Been rather distracted and busy these past few months, working on real life stuff and preparing for the holidays. I got an internship I really wanted starting in January, so I’ll be busy doing that~ So excited! I also hope to get some art and writing done soon.
In between real life events, I’ve been really buckling down to playing WoW more, especially with the hype leading up to and the subsequent release of patch 4.3. Though I was initially underwhelmed, I’ve since found I really am having a lot of fun.
Having been around for when Icecrown Citadel opened during Wrath of the Lich King, I initially expected more excitement out of the patch where Deathwing’s demise would be realized. Now, I’m no raider, but even I felt like I was anxiously keeping up with progress on how ICC was conquered, bit by bit, until at last the Lich King himself was available. When he finally was downed, I felt a thrill of awe and amazement, as well as jealousy of the people so lucky to see his death. It wouldn’t be until this past August that I would finally be able to see the fall of the Lich King myself, PuGing Icecrown Citadel with my dear Cerylia. It was fun, still enough of a challenge to get my blood pumping, and very satisfying.

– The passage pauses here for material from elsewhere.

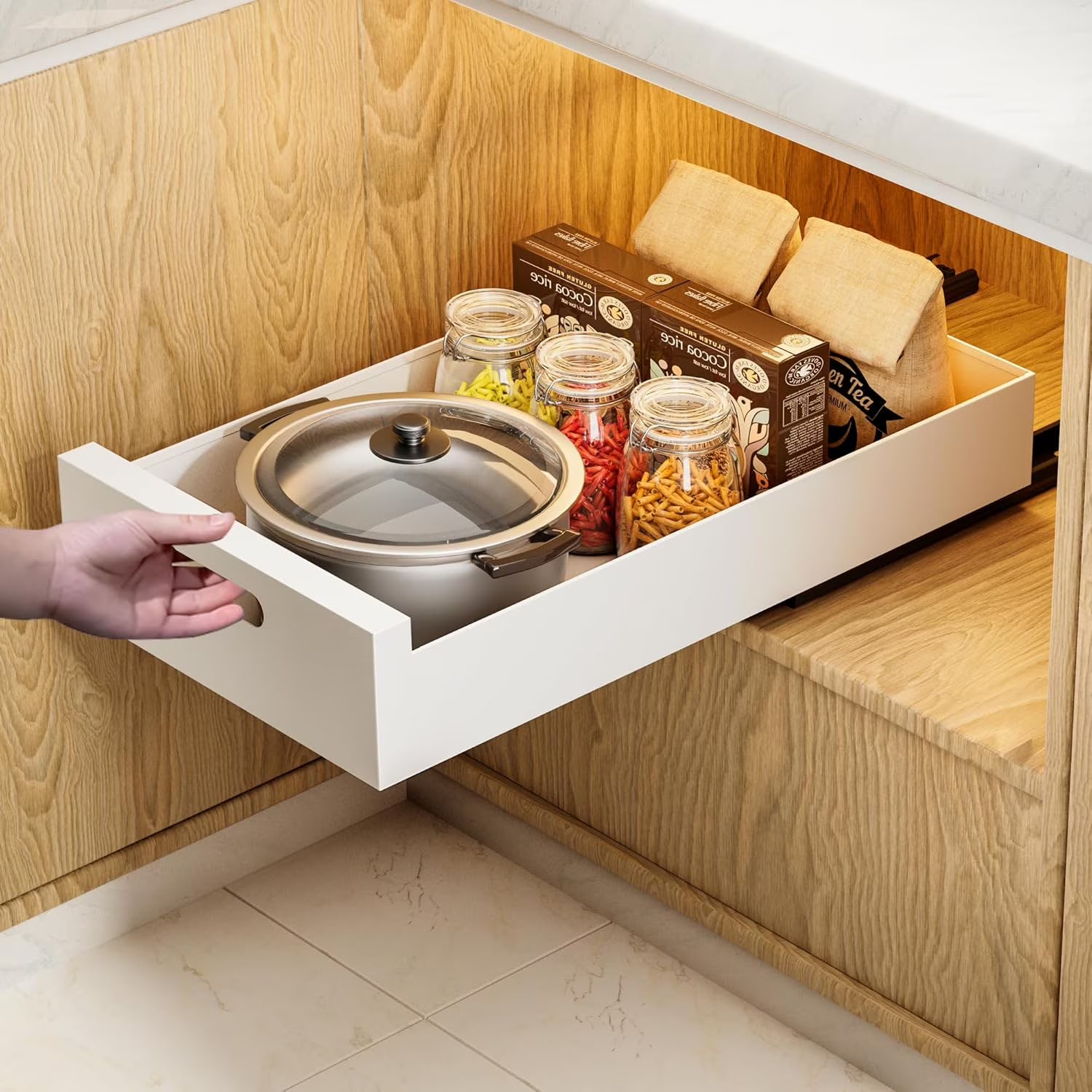 1 Pack | 21Deep Pull Out Cabinet Organizer Adhesive, 10-Inch Wide Sturdy Carbon Steel Roll-Out Drawers for Face Frame or Frameless Cabinets,Slide-Out Shelves for Pantry.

Cerylia and my boyfriend's warlock, Esuegleteb,
reflect on their slaying of the Lich King.
With 4.3, such tense excitement was not exactly… there. I don’t typically keep up THAT closely with patch notes and the PTR content, not wanting to spoil myself, so at first I was under the impression that there would be a bit of a lead-in to Deathwing’s demise. First the three new heroics, before finally unveiling the raid. However, I had barely finished transmogrifying my outfits and cleaning out my banks for void storage before someone downed Deathwing. I was… perplexed. Really? That’s it? Deathwing dead so fast? It didn’t help that the announcement of such in the city was comparable to the announcement of yet another Nefarian head being hung up in the city. Ho hum.
Lord Itharius of the Green Dragonflight stands in Orgrimmar
beside the jaw(?) of Deathwing.
beside the jaw(?) of Deathwing.
I was a little dubious about it at first, but then I decided to go watch the end cinematic. Why not? I certainly won’t be killing Deathwing anytime soon. (I’ve a snail’s pace when it comes to WoW and progression; I get excited about accomplishments months, years after they were new and exciting. xD)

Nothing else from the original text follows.